CARLOS BRITO heads the InBev empire, which took over Anheuser-Busch in 2008, and is now deal-making again, to become the world’s largest beer company. He’s a tough guy. Here are a few miscellaneous notes from a June, 2015 article in Financial Times, in no particular order.
SPEED: Within 24 hours of the acquisition’s close, Brito & Team invaded Anheuser Busch’s HQ in St. Louis to start shaking up its comfortable way of working. ·Brito: “In any company, there are 20% leading, 70% following, 10% contributing nothing – you have to at least get rid of the 10% – they’re always unhappy and complaining anyway.”
OBSESSION: The 55-year-old Brazilian professes NO hobbies or outside interests. “My life is the business; my chosen work, and my family. There’s no time for anything more and there’s nothing else that interests me more.” At the company’s global HQ near Brussels, posters throughout remind with pun that “We Pour Ourselves Into Our Work.”

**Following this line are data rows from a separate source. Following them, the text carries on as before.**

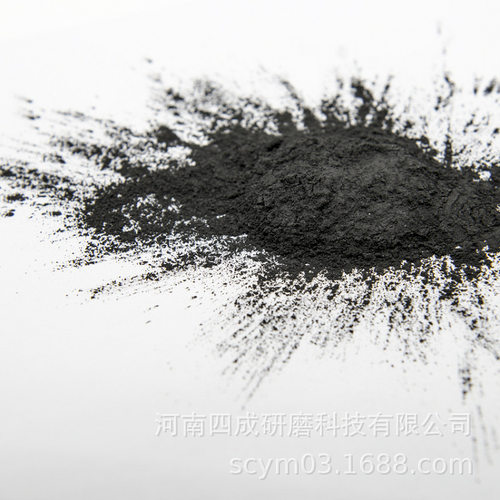 刹车片用铬铁矿粉46%Cr2O3/刹车片摩擦材料用325目铬矿粉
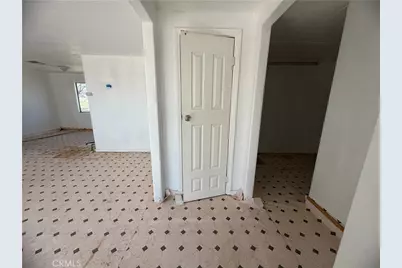 33803 Suffoch, Newberry Springs, CA 92365 - Photo 33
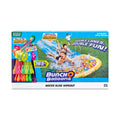 Tropical Party Water Slide R38793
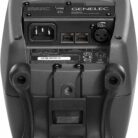 genelec-8320apm-smart-active-monitor-twoway-compact-in-dark-grey-painted-finish203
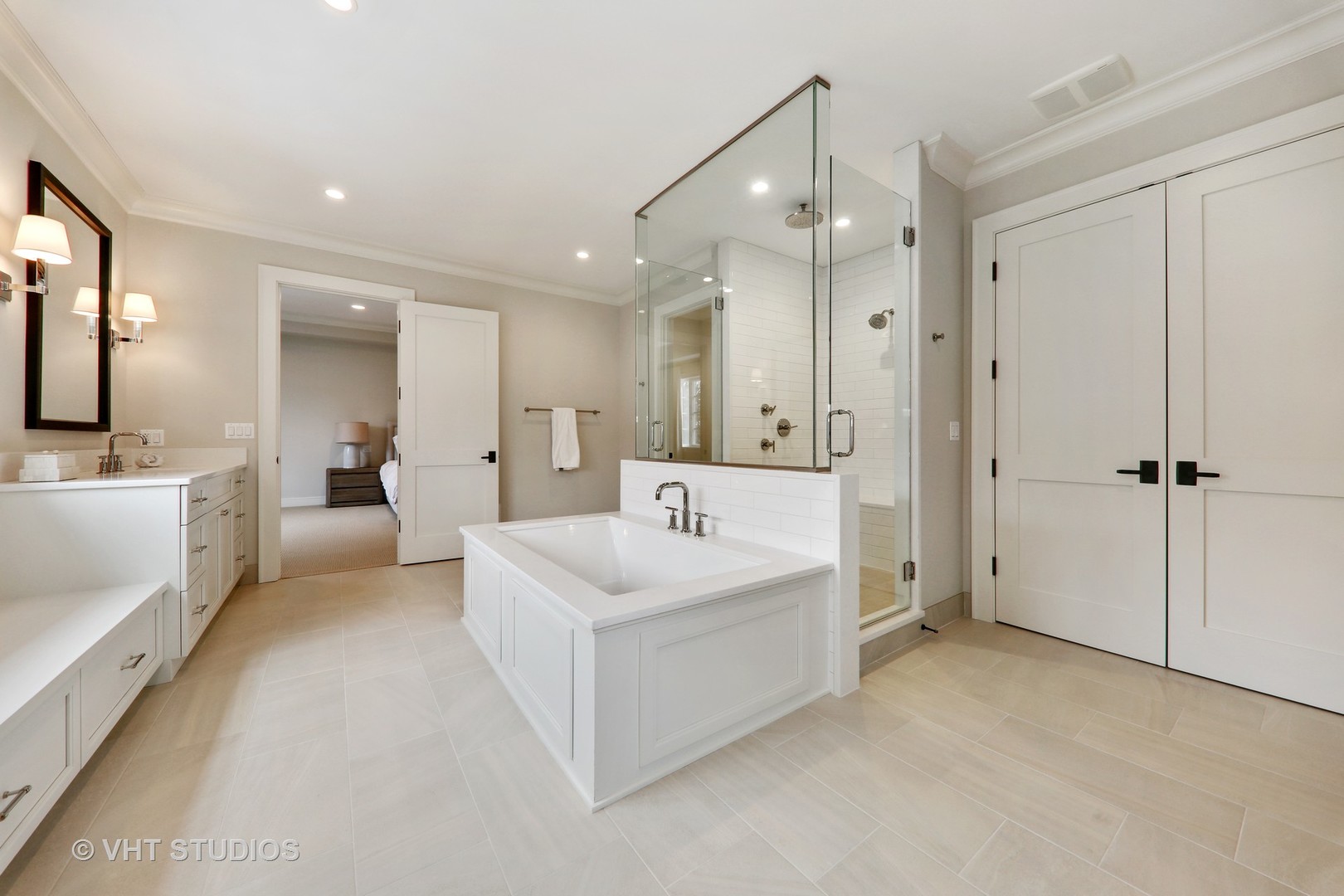 311 Ravine Road Hinsdale, IL 60521 - Photo 18 of 30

DEMANDING: ·Young and ambitious staff say it’s hard to maintain a social life, and their family and friends accuse InBev of “brainwashing.” A university prof closely observing uses that same term, as well as noting that InBev creates enormous, high pressure internal competition. ·In 2014, nearly 100,000 applied for 147 graduate jobs – put through a series of seven online exercises and interviews, each tougher than the last. Few make it to the seventh tier of application.
FANTATICISM: Jim Collins, celebrated Good To Great author (somewhat surprisingly) admires the InBev culture – he wrote: “When fanatics come together with other fanatics, the multiplicative effect is unstoppable.” Renegade Millionaires do what others fear and find offensive: declare themselves superior to all others and set out to prove it.
PRAGMATISM: Brito: “Beer isn’t magic. It’s process.” Note: most Big Winners are not endlessly fiddling with deliverable improvements; they are far more focused on process improvement, particularly those hooked to getting customers. ·Brito: “We have a culture in which nothing is thought of as stable, we encourage discomfort and when smugness sets in, we shake the tree.” One ousted AB senior exec said, somewhat in awe, that Brito & Team made all tough decisions with no emotion.
CRITICIZED: Brito is frequently and widely criticized by burnt out and discarded employees as well as by business and mainstream media. On a site that allows staff and former staff to rate employers anonymously, InBev’s favorables are lower than its three chief competitors, all of whom it whips in the marketplace – except for ‘career opportunities’ where it ranks highest.
The coming months and years promise Extreme Darwinism in many business categories, and it’s gonna be Get Tough Or Die. Marshmallows will be torched and eaten. The soft and the slow will be trampled. This guy has a grip on it. Do you?